Secure Signal Processing

 Recent advances in the processing of digital contents have made available a large number of new services regarding the fruition of these contents. Some examples are the linking of massive volumes of personal data by service providers such as search engines, social networks, video galleries, or the outsourcing of services such as computing on sensitive data to remote servers. These rapid technological developments have raised several important concerns regarding the security and privacy of the data involved in such services, especially in the case of sensitive information like biometric signals (fingerprints, iris, faces) and medical data (electrocardiograms, blood exams, DNA).

The classical way to protect sensitive information from misuse is to encrypt it as soon as the information is generated and to store it in an encrypted database. When the information needs to be processed, however, it is usually necessary to decrypt it, hence creating a weakness in the security of the whole system. This is problem with the above mentioned services, since the data owner may not trust those actors that are required to manipulate his or her personal data.

Secure signal processing (SSP) is a new discipline aiming at solving the security problems that stem from the above situations. The rationale of SSP is to develop efficient methods that can process sensitive information while the information is secured in some way.

SSP finds its inspiration in the research of the cryptographic community regarding the problem of secure computing. Cryptographers developed several solutions to address the above problem, however the techniques adopted by SSP up to date mainly include garbled circuits, which permits to securely evaluate any binary function, and homomorphic cryptosystems, which have the property that some elementary algebraic operations in the plain domain are mapped into elementary operations in the encrypted domain. The main advantage with the above techniques is that they can be combined to implement virtually any signal processing algorithm in the encrypted domain.

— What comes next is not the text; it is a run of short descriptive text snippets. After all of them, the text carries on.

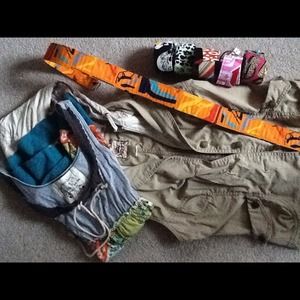 Bundle for manymurrays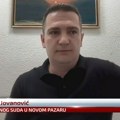 Sudija Jovanović: Petrov nije čuvar Ustava, već predsednika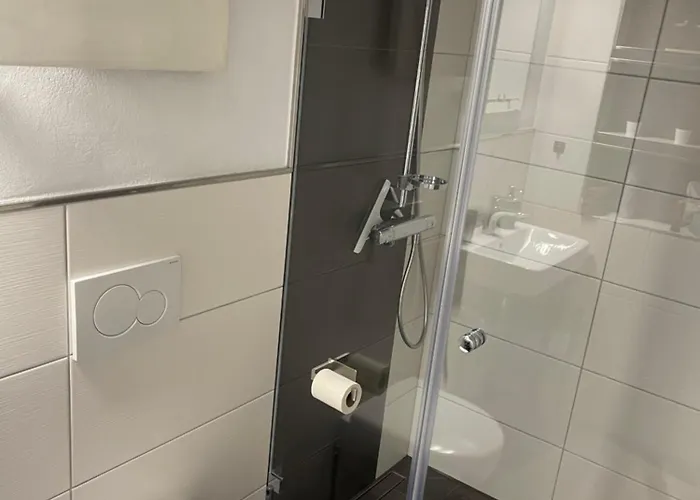 Schöne kleine Wohnung in Künzell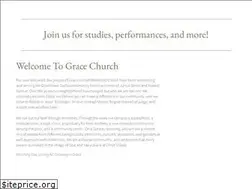 Sites similar to graceumcdallas.org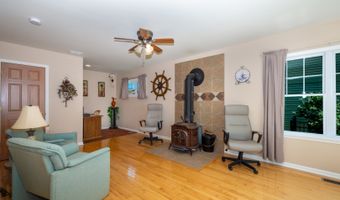 22869 W Lake Shore Dr, Antioch, IL 60002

Some examples of the application of SSP to real life problems can be found in some very recent contributions, including biometric identification, remote health-care monitoring, and electronic commerce. For example, in [Erki09], the authors describe a secure face recognition algorithm, in which the matching is performed completely in the encrypted domain, whereas in [Barn09], a system is described for privacy-preserving remote classification of electrocardiogram (ECG) signals, in which a server automatically detect possible diseases by analyzing an encrypted ECG.

As can be understood, SSP is a very active area of research with promising results. Nevertheless, much remains to be done, since current solutions limit themselves to very specific scenarios and are usually very expensive from an implementation, computation or communication points of view. Thus, the research in the SSP field is expected to witness important advances in the years to come.